He helped craft Kyotu for 10 years -which most corporations were against.

He had the best environmental rrecord of ALL the candidates.

Kerry wrote and submitted the Clean Money, Clean Elections bill to take corporate money OUT OF ELECTIONS.

As governor, Dean was the highest rated Democrat by CATO Institute for his pro-business sense of governance. He even proudly said he governed as a centrist, and before the Iraq war became an issue, planned to run as a centrist - In retrospect I believe "progressive centrist" would more accurately describe Dean.

The corpmedia painted him as a radical lefty, completely ignoring his 11 yr record as governor. But, it fit their storyline - in primaries, especially one during wartime, it's good to pit the Dems against each other while providing little information about who they really are.

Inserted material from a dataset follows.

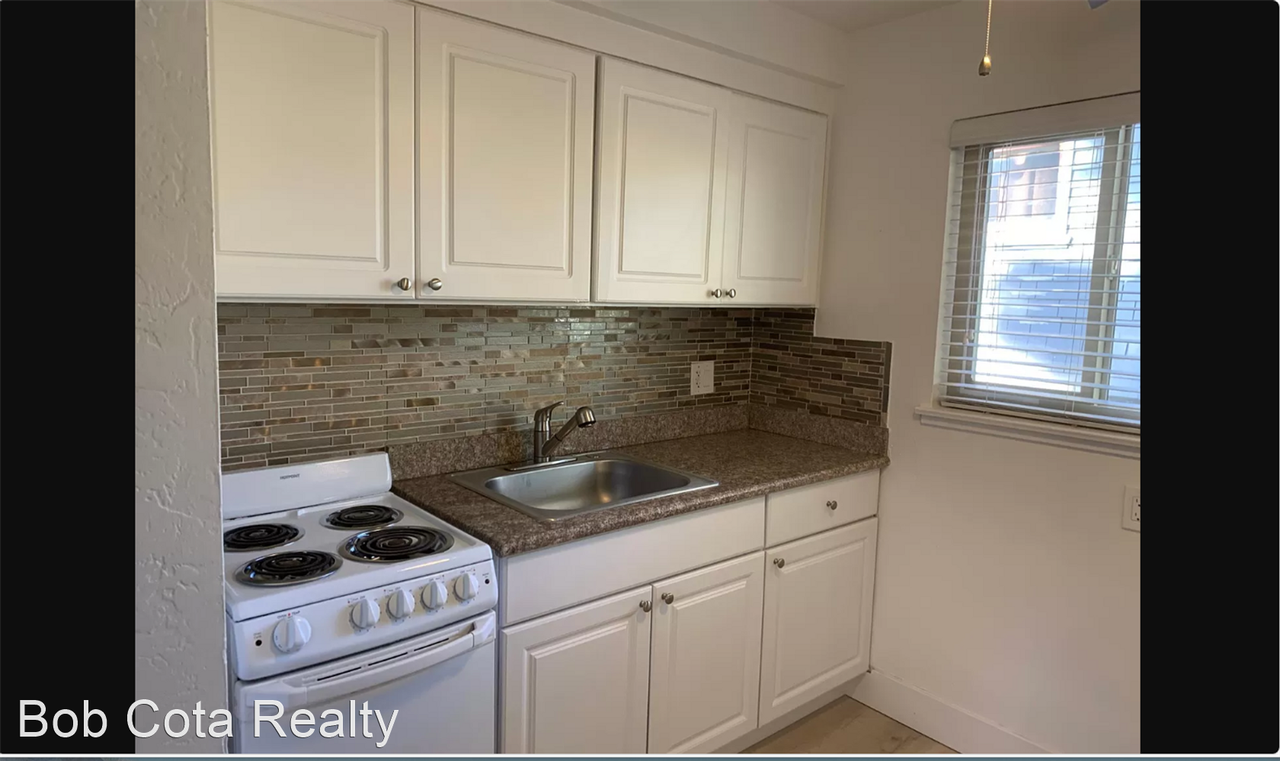 2711-2715 P. Street - Photo 3 of 12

I believe that Dean has sincerely moved left since then, brought along by the earnestness of his supporters from the left - but to keep the story straight, there is no way that Kerry was the "more corporate candidate" as you claim.

BTW - - Kerry submitted this senate resolution to overturn the FCC decision that benefitted the big corporate media in earlty June 2003 - shortly after, his coverage was reduced and coincidentally, another candidate would be recieving a press plane from the media powers that be. I don't blame Dean - the media did made the decision.

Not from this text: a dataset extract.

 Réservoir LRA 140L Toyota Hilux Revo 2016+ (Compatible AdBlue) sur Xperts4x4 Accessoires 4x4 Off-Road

Kerry Seeks to Reverse FCC's "Wrongheaded Vote"

Commission Decision May Violate Laws Protecting Small Businesses; Kerry to File Resolution of Disapproval

Monday, June 2, 2003

WASHINGTON - Senator John Kerry today announced plans to file a "Resolution of Disapproval" as a means to overturn today's decision by the Federal Communications Commission (FCC) to raise media ownership caps and loosen various media cross-ownership rules.
Kerry will soon introduce the resolution seeking to reverse this action under the Congressional Review Act and Small Business Regulatory Enforcement Fairness Act on the grounds that the decision may violate the laws intended to protect America's small businesses and allow them an opportunity to compete.

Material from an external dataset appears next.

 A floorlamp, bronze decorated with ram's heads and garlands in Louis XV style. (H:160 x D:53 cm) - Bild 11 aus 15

As Ranking Member of the Senate Committee on Small Business and Entrepreneurship, Kerry expressed concern that the FCC's decision will hurt localism, reduce diversity, and will allow media monopolies to flourish. This raises significant concerns about the potential negative impacts the decision will have on small businesses and their ability to compete in today's media marketplace.

In a statement released earlier today regarding the FCC's decision, Kerry said:

"Nothing is more important in a democracy than public access to debates and information, which lift up our discourse and give Americans an opportunity to make honest informed choices. Today's wrongheaded vote by the Republican members of the FCC to loosen media ownership rules shows a dangerous indifference to the consolidation of power in the hands of a few large entities rather than promoting diversity and independence at the local level. The FCC should do more than rubber stamp the business plans of narrow economic interests.

"Today's vote is a complete dereliction of duty. The Commissioners are well aware that these rules greatly influence the competitive structure of the industry and protect the public's access to multiple sources of information and media. It is the Commission's responsibility to ensure that the rules serve our national goals of diversity, competition, and localism in media. With today's vote, they shirked that responsibility and have dismissed any serious discussion about the impact of media consolidation on our own democracy."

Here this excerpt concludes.